Monday, September 17, 2012

HKMA continues to squeeze the property market

The HKMA's latest round of measures intended to cool the property market by further restricting mortgage lending are unlikely to have much impact for the simple reason that so many properties are being purchased with cash and the impact of QE3 combined with China's monetary expansion means that there is plenty of very liquid buyers out there.

As with most of the previous measures, the two groups of people most affected as local owner-occupiers prevented from trading up because they can no longer get the financing and smaller investors who need mortgage financing to add to their portfolios.  In effect, what the HKMA is doing (when combined with other government measures) is reducing the competition the very wealthy face when buying properties.
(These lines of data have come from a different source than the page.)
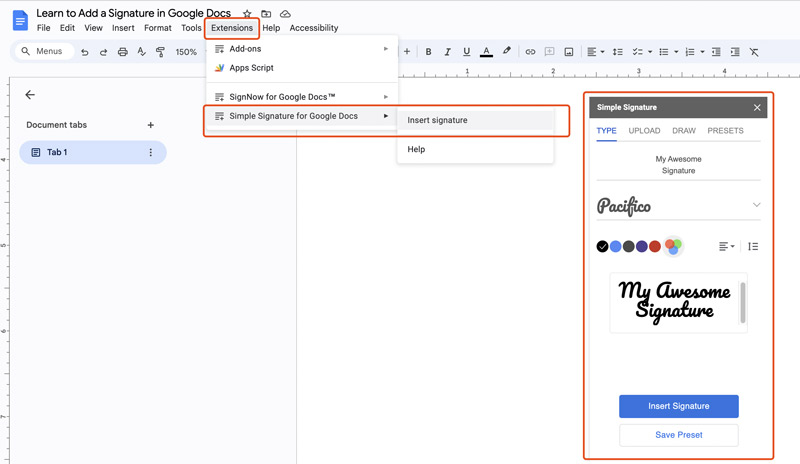 Insert Signature In Google Docs With Simple Signature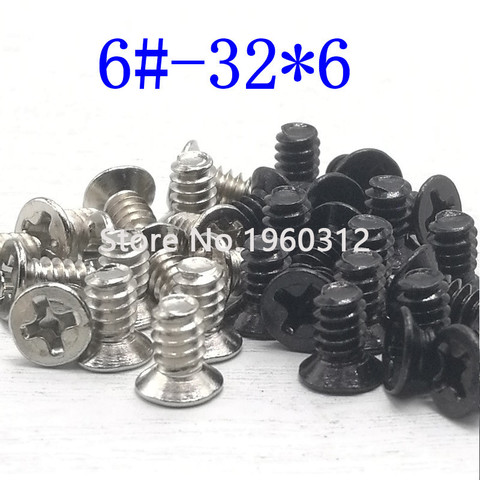 50pcs/Lot 6-32*6 countersunk head Screw 6-32 Thread For Computer Hard Disk Drive HDD Screw ► Photo 1/4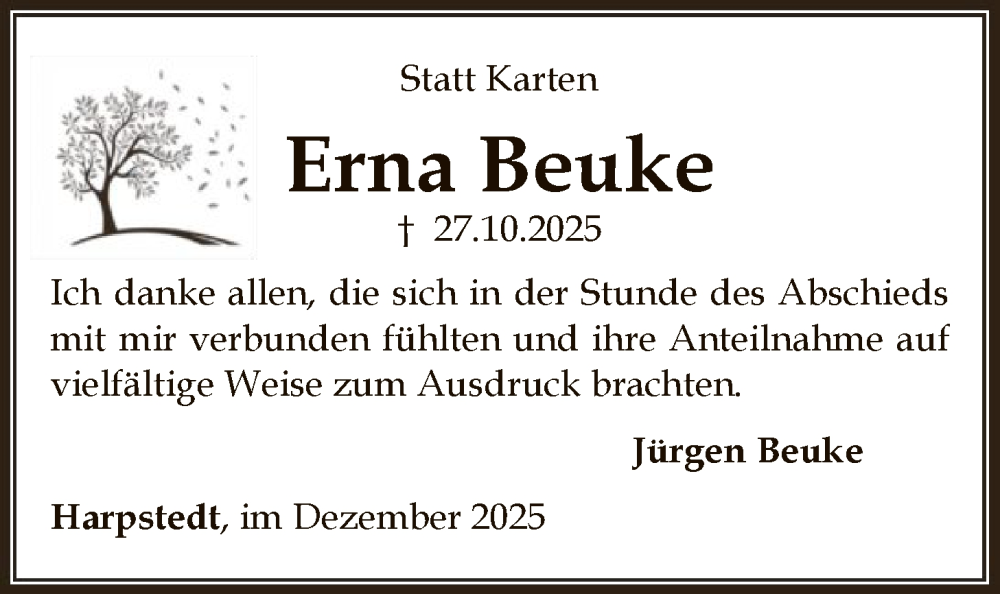  Traueranzeige für Erna Beuke vom 06.12.2025 aus SYWZSYKS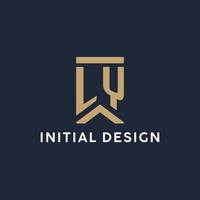 LY initial monogram logo design in a rectangular style with curved sides vector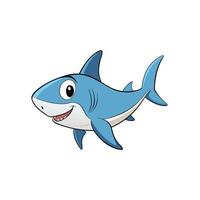 Cartoon shark swimming with a happy expression on its face vector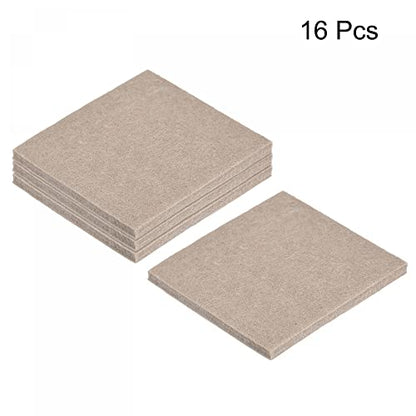 uxcell Felt Furniture Pads Self Adhesive Square Furniture Felt Pads, Anti Scratch Floor Protectors for Furniture Legs Hardwood Floor 5.1 Inch x 5.1 Inch Beige 16pcs - size: 5.1 Inch x 5.1 Inch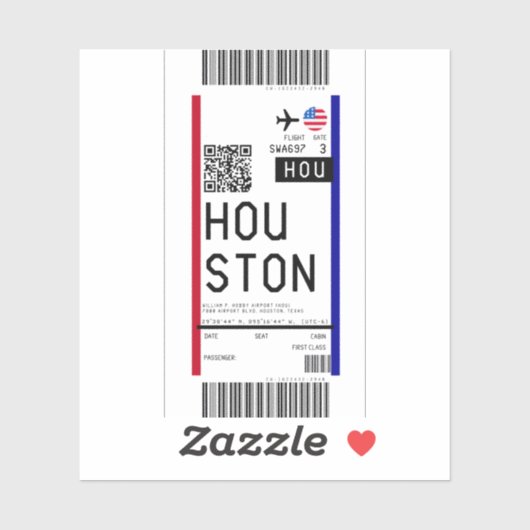 Instapkaart naar Houston (HOU) Sticker (Vel)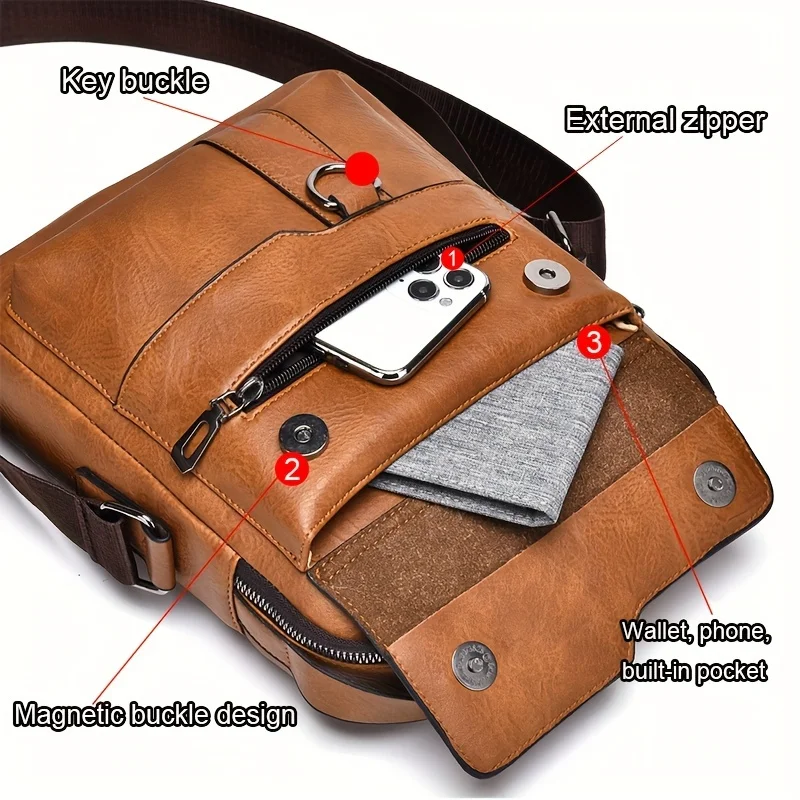 Men's PU Crossbody Bag Vintage Large Capacity Business Casual Shoulder Bag Perfect Valentine Day Gift for Husbands or Boyfriends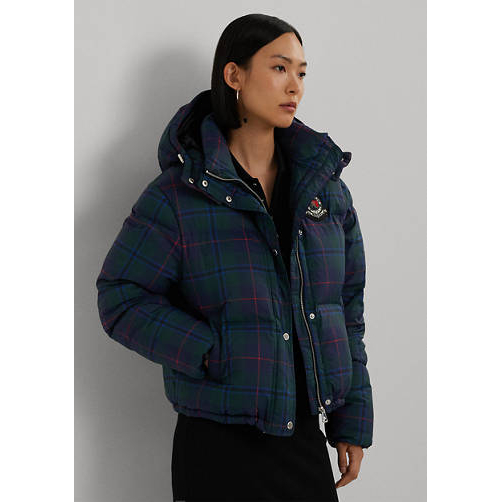 Manteau matelassé 'Plaid Beaded Crest' pour Femmes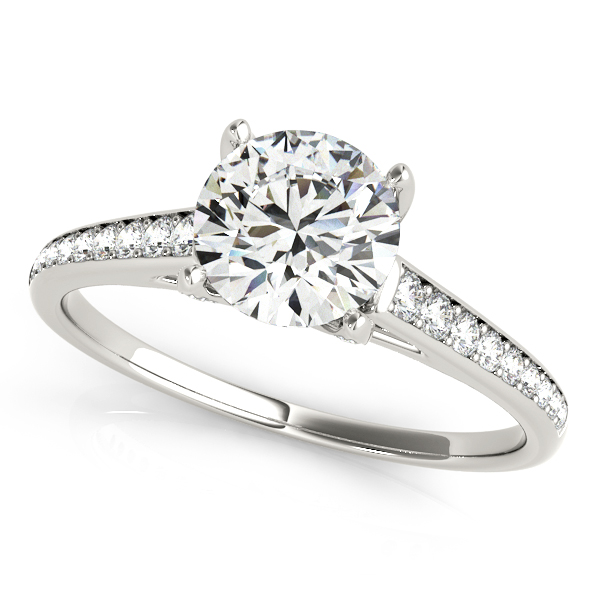 Platinum Single Row Prong Engagement Ring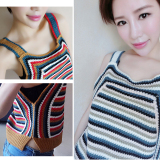 夏季韩版学院风撞色条纹针织衫短款可爱毛线吊带背心学生马甲女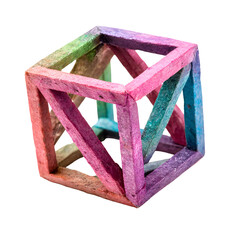 Vibrant multi-colored wooden geometric cube structure, handcrafted and isolated against a pristine white background, showcasing abstract artistry and intricate design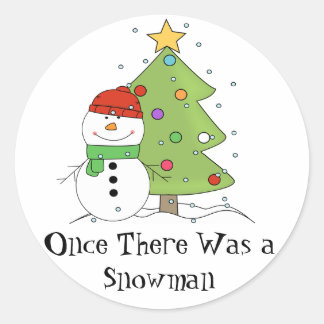 Once There Was a Snowman LDS Primary Christmas Classic Round Sticker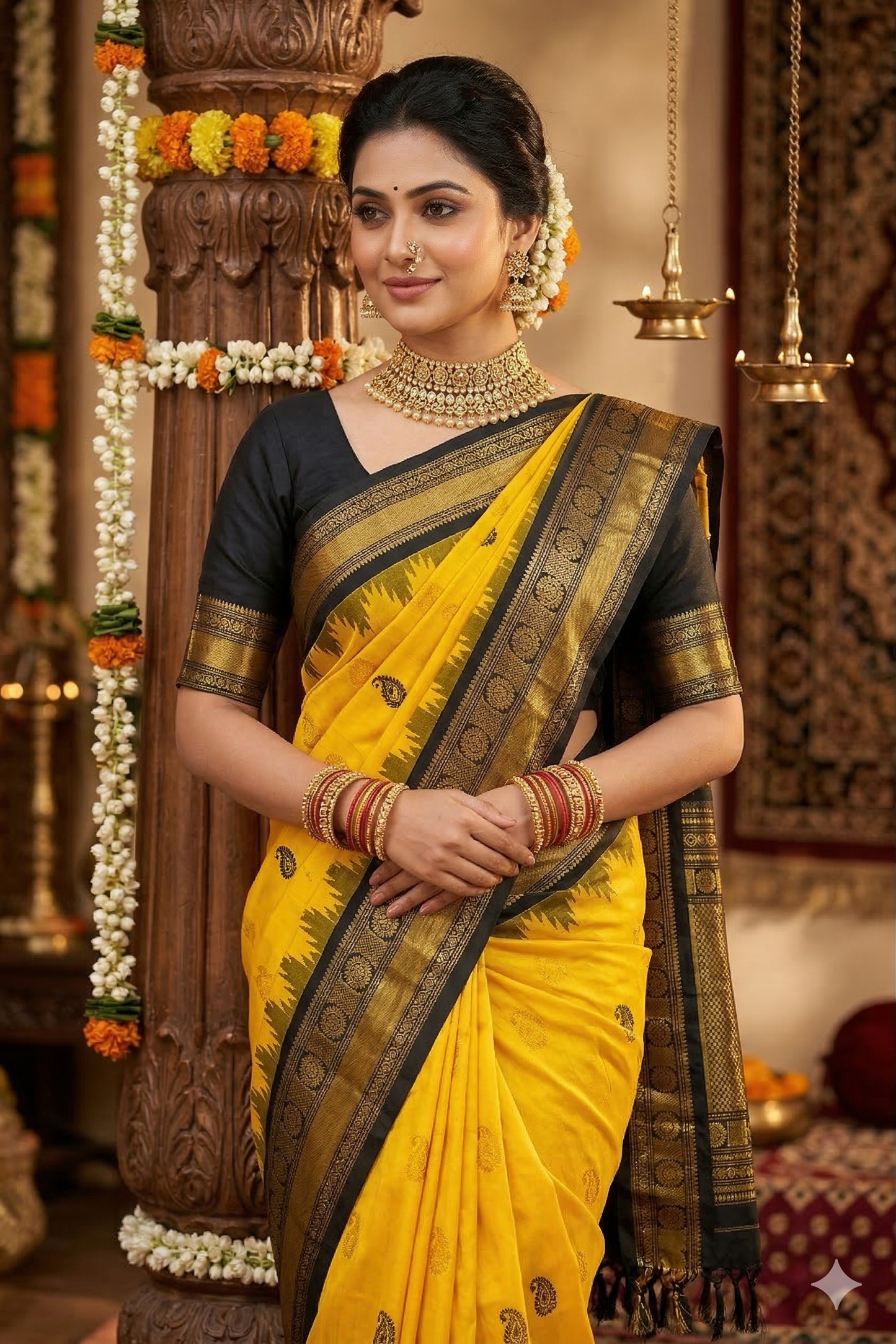 Yellow Gadwal silk saree with traditional unstitched blouse, showcasing intricate designs and vibrant silk fabric.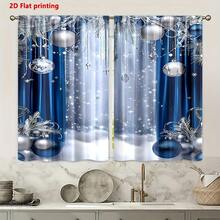 2pcs, 2D Flat Print, Winter Christmas Blue & Silver Christmas Ball Snowflake Luxury Pattern, Pocket Rod Installation, Digital Printed Curtains, Polyester Semi-Transparent Material Slightly Thinner, Suitable For Living Room, Kitchen, Bedroom, Study, Hotel, Restaurant, Home Decor - A - View 3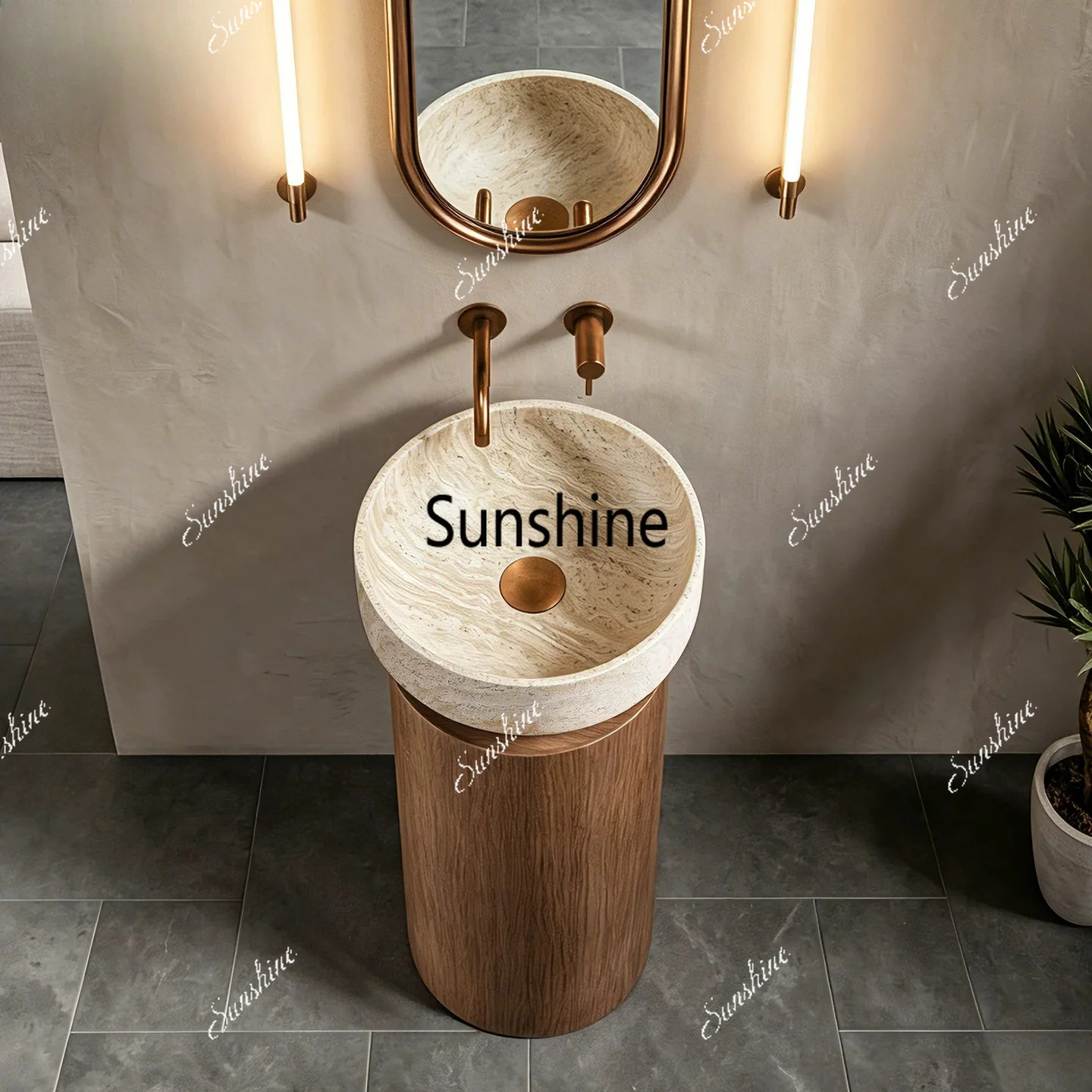 Wabi sandy wind wash basin integrated floor-to-ceiling travertine pillar basin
While it would now be more difficult to get mortgage financing for any new investment properties, since I was not planning to buy again at current price levels, this does not affect me. What it does do is reinforce my decision not to make any early repayments on my existing mortgages.

2 comments:

yyh said...

Wow. LTV capped at 30% for property mortgage loans.

In Singapore, for 2nd mortgage and more, the LTV is capped at 60%.

Looks like people in HK really has alot of liquidity!

Anonymous said...

Hi

Thanks for the comment.

Yes - the government is fighting a losing battle trying to bring down prices because there is so much liquidity. You get ver close to zero on bank deposits.